I have been re-reading the Kings Fund report The chief executive’s tale and was really struck again by what an astonishing insight it is into how a chief executive in the NHS feels and thinks and the aspects that are so very relevant to our work at Sign up to Safety.
Firstly, we have focused on understanding the unique aspects of patient safety (as opposed to quality) related to human error, human factors and the cross cutting, systems approach to safety. This is often misunderstood, for example, as Jonathan Michael says:
One of the frustrations particularly recently has been the lack of understanding that health care is an inherently risky business but there has been this drive .. to somehow present it as something that ideally ought to be risk free. Being alive is risky.. being treated is risky… but equally not being treated is inherently risky.. the drive is generating a degree of pressure on clinicians, on organisations and therefore on the chief executive…

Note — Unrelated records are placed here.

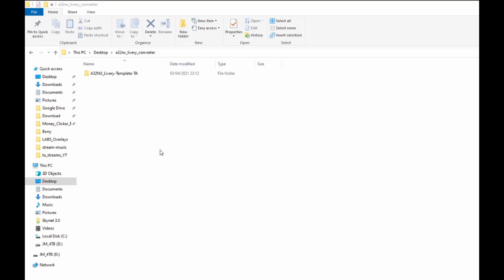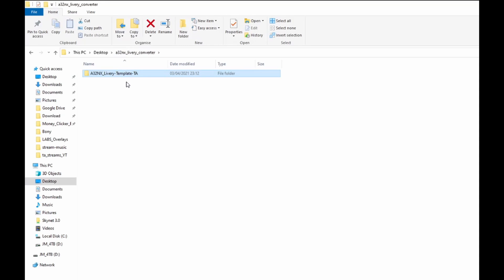Now all you need to do is go to the description below to join the Discord server and you will find this file. What you want to do is extract it and open it up. This has already got everything you need to know. I'm going to walk you through it.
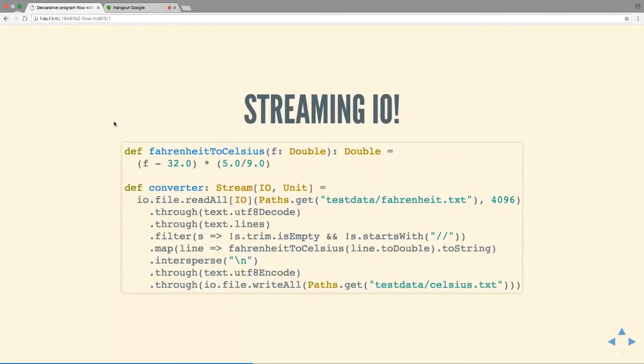Here's an example of streaming IO. I've got a simple function converting Fahrenheit to Celsius. When reading the file I use FS2 to: decode as UTF-8, split by line, remove comments and empty lines, do the conversion with map, add newlines at the end of each number, encode back as text, and write the whole file. This really looks exactly like normal code — read the whole file and do stuff on it — but what's actually happening is streaming. FS2 makes a chunk at a time; the 4000 is the chunk size. Each chunk gets processed, so this runs in constant memory even if your file is 4 GB.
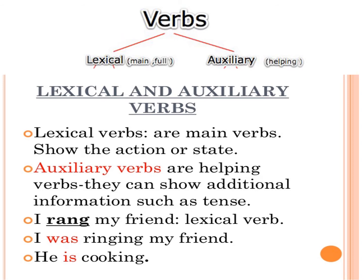Verbs can be broadly put into two categories. First is lexical verbs and the other is auxiliary verbs. Lexical verbs are the main verbs that carry meaning. They carry the meaning and also show the action or the state of the subject. Auxiliary verbs, also known as helping verbs, determine the mood or tense of another verb in a phrase. They carry the main meaning. Let us make this clear through some examples.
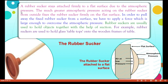Next, the rubber sucker. The rubber sucker stays attached firmly to a flat surface due to atmospheric pressure. The much greater atmospheric pressure acting on the rubber sucker from outside fixes it firmly onto the flat surface. Rubber suckers are usually used to hold objects together with the help of suction. For example, rubber suckers are used to hold glass table tops onto the wooden frames of tables.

Secondly, we have chosen to purposefully not micro-manage from the centre and to build local ownership of self directed safety improvement. There is already enough of that from regulation and other national mechanisms. As Angela Pedder says, the job of a CEO is ‘holding up an umbrella to keep the stuff that’s coming down from up high away from the people that need to do the really good work day to day with patients’. The trouble with that is that if you are perceived as part of that ‘stuff’, how do you get through, how do you convince people that you are different? How do you reach the people who are doing the day to day work with the patients? Steve Shrubb describes our approach when he says; ‘the key is to use the power you have to give it away to the leaders in your organisation so that they can actually create the change.. and feel part of it’. He goes on to say; ‘if you can get the staff feeling engaged, informed, involved and cared for then you will deliver good, efficient care’.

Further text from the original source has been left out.